**TASK PROMPT**
In the listing below, a line holding "Frock and Frill" and a line holding "Homme Shorts d'été" mark the range. Retype both exactly, with all lines between them.

**EXERCISE INPUT**
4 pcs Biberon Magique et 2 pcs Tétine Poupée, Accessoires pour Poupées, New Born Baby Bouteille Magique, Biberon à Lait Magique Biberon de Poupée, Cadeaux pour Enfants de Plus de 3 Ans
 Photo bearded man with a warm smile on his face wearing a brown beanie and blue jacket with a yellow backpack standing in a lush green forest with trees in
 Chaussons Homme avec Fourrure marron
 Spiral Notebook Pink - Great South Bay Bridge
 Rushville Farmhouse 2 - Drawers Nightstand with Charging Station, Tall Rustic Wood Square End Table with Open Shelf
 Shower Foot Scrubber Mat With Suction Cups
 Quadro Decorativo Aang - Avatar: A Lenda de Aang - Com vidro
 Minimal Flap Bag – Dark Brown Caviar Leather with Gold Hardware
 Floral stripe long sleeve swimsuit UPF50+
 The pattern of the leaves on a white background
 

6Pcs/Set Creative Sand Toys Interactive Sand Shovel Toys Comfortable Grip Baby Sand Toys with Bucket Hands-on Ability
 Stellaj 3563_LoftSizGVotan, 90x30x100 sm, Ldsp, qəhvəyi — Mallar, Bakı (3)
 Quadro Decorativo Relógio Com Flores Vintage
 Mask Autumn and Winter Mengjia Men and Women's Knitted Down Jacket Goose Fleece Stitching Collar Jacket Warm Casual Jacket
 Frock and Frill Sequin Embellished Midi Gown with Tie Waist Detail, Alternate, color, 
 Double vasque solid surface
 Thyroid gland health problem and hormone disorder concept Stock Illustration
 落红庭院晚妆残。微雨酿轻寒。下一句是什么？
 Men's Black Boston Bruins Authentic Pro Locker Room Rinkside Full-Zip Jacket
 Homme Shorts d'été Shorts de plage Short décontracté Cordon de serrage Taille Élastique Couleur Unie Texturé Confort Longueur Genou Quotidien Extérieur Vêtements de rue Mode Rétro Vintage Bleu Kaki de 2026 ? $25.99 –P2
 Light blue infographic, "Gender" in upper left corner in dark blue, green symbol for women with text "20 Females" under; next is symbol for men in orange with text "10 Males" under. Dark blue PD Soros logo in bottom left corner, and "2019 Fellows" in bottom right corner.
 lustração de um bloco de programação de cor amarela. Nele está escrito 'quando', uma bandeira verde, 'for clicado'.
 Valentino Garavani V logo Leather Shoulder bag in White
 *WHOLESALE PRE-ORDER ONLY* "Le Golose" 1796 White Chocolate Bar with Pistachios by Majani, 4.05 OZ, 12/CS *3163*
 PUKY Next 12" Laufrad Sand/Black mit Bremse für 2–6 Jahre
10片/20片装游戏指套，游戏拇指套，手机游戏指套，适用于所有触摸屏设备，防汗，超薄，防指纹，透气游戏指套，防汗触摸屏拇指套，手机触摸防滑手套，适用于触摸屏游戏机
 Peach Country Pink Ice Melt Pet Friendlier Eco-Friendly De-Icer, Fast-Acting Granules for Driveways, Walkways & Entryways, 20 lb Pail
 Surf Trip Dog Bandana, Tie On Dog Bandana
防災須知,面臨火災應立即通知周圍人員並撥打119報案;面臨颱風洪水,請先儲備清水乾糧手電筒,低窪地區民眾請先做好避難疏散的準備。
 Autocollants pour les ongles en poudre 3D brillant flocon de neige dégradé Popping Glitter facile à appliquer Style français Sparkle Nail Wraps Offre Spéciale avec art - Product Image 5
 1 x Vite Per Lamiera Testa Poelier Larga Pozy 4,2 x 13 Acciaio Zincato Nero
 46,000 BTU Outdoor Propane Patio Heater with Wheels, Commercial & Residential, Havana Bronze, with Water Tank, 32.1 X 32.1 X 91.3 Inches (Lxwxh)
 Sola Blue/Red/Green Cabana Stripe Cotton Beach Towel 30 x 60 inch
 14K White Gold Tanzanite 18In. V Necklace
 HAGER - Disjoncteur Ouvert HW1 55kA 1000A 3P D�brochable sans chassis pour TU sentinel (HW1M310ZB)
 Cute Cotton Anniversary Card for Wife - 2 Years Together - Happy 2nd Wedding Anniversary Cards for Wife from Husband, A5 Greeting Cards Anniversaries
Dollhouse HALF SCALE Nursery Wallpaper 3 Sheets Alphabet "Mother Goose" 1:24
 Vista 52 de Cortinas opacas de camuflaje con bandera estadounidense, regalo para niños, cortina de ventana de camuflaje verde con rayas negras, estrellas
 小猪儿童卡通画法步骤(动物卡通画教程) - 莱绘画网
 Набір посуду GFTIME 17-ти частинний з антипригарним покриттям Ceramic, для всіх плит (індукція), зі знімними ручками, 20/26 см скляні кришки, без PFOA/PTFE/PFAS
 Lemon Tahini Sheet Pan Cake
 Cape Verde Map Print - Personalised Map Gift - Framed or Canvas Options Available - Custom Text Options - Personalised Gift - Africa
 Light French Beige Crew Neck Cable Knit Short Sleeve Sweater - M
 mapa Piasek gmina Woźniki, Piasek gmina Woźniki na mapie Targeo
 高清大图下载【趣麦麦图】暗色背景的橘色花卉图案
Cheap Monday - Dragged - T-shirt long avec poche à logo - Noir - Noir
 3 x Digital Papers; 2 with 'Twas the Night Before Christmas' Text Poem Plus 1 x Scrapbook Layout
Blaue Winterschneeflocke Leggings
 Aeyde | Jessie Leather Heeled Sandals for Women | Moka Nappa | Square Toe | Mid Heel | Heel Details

**EXERCISE SOLUTION**
 Frock and Frill Sequin Embellished Midi Gown with Tie Waist Detail, Alternate, color, 
 Double vasque solid surface
 Thyroid gland health problem and hormone disorder concept Stock Illustration
 落红庭院晚妆残。微雨酿轻寒。下一句是什么？
 Men's Black Boston Bruins Authentic Pro Locker Room Rinkside Full-Zip Jacket
 Homme Shorts d'été Shorts de plage Short décontracté Cordon de serrage Taille Élastique Couleur Unie Texturé Confort Longueur Genou Quotidien Extérieur Vêtements de rue Mode Rétro Vintage Bleu Kaki de 2026 ? $25.99 –P2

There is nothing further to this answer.